MDPs break the I.I.D. data assumption of supervised and unsupervised learning; the agent *causally influences* the data it sees through its choice of actions. However, one assumption we do make is the *Markov property*, which says that the state representation captures *all relevent information* from the past. Formally, state transitions depend only on the most recent state and action,
$$
\mathbb{P}[S_{t+1} | S_t,A_t] = \mathbb{P}[S_{t+1} | S_1,A_1 \ldots\, S_t,A_t],
$$
and rewards depend only on the most recent transition,
$$
\mathbb{P}[R_{t+1} | S_t,A_t,S_{t+1}] = \mathbb{P}[R_{t+1} | S_1,A_1 \ldots\, S_t,A_t,S_{t+1}].
$$
- Note: different sources use different notation here, but this is the most general.

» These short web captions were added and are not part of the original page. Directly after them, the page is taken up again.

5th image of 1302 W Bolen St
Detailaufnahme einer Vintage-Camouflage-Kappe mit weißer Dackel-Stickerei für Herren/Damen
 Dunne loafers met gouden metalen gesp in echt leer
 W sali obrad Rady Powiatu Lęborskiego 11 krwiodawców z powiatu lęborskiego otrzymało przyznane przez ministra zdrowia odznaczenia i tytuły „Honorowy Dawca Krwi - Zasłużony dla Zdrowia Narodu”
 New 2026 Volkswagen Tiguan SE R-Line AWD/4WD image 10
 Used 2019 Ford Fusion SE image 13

In some MDPs, a subset of states are designated as *terminal* (or *absorbing*). The agent-environment interaction loop ceases once a terminal state is reached.

The goal of an RL agent is to pick actions that maximise the discounted cumulative sum of future rewards, also known as the *return* $G_t$:
$$
G_t = R_{t+1} + \gamma R_{t+2} + \gamma^2 R_{t+3} + \ldots + \gamma^{T-t-1}R_{T},
$$
where $\gamma\in[0,1]$ is a discount factor and $T$ is the time of termination (may be $\infty$).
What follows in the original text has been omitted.